* **What is expected**
Go through the listing below and list every line with "Black".

═════ Extracted data

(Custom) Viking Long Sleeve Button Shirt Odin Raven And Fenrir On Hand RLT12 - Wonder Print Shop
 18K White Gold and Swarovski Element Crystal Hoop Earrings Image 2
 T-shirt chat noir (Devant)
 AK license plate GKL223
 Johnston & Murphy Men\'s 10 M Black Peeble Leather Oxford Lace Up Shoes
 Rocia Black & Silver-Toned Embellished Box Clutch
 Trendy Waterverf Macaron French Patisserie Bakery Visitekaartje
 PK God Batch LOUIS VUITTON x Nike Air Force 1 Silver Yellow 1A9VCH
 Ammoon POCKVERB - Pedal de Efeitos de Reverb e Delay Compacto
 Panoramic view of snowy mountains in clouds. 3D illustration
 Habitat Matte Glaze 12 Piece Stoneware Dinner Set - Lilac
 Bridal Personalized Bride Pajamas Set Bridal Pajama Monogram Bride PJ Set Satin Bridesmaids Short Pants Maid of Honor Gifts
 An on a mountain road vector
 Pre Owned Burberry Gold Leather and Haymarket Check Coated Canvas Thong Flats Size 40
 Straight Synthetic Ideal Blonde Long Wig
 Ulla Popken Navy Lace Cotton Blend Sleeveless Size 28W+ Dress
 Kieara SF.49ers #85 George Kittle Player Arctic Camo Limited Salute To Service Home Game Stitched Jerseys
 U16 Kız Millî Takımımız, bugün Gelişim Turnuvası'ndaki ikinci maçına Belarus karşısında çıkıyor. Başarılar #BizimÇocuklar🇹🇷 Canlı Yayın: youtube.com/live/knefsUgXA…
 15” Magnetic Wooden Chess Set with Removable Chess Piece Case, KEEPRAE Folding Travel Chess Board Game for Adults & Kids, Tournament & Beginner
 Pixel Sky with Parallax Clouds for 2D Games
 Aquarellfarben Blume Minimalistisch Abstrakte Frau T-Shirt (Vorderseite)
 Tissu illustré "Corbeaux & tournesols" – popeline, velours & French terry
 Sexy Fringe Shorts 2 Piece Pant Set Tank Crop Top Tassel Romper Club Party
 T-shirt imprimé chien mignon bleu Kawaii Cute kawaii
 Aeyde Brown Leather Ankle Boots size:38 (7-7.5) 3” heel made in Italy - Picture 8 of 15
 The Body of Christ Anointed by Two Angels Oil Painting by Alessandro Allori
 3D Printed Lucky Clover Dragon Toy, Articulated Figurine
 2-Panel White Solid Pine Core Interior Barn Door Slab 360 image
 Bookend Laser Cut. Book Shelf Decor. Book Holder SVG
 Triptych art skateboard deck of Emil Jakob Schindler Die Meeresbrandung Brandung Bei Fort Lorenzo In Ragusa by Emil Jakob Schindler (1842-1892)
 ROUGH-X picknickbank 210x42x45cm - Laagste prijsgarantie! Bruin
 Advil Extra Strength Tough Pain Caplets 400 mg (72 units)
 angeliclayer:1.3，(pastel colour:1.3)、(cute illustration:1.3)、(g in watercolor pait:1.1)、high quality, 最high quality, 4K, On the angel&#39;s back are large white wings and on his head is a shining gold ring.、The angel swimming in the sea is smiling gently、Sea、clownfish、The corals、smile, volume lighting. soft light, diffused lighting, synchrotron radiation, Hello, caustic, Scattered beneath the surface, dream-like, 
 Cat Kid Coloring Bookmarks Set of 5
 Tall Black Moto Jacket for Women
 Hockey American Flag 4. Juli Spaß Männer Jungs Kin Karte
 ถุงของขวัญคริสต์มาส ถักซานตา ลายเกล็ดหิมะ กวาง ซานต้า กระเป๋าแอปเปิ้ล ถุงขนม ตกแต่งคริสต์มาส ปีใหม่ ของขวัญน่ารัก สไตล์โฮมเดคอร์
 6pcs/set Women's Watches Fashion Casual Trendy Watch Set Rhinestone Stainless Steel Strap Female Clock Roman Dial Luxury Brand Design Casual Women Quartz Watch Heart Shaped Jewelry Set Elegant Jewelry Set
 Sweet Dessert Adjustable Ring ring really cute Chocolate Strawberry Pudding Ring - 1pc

══════════

* **Answer to the problem**
 Johnston & Murphy Men\'s 10 M Black Peeble Leather Oxford Lace Up Shoes
 Rocia Black & Silver-Toned Embellished Box Clutch
 Tall Black Moto Jacket for Women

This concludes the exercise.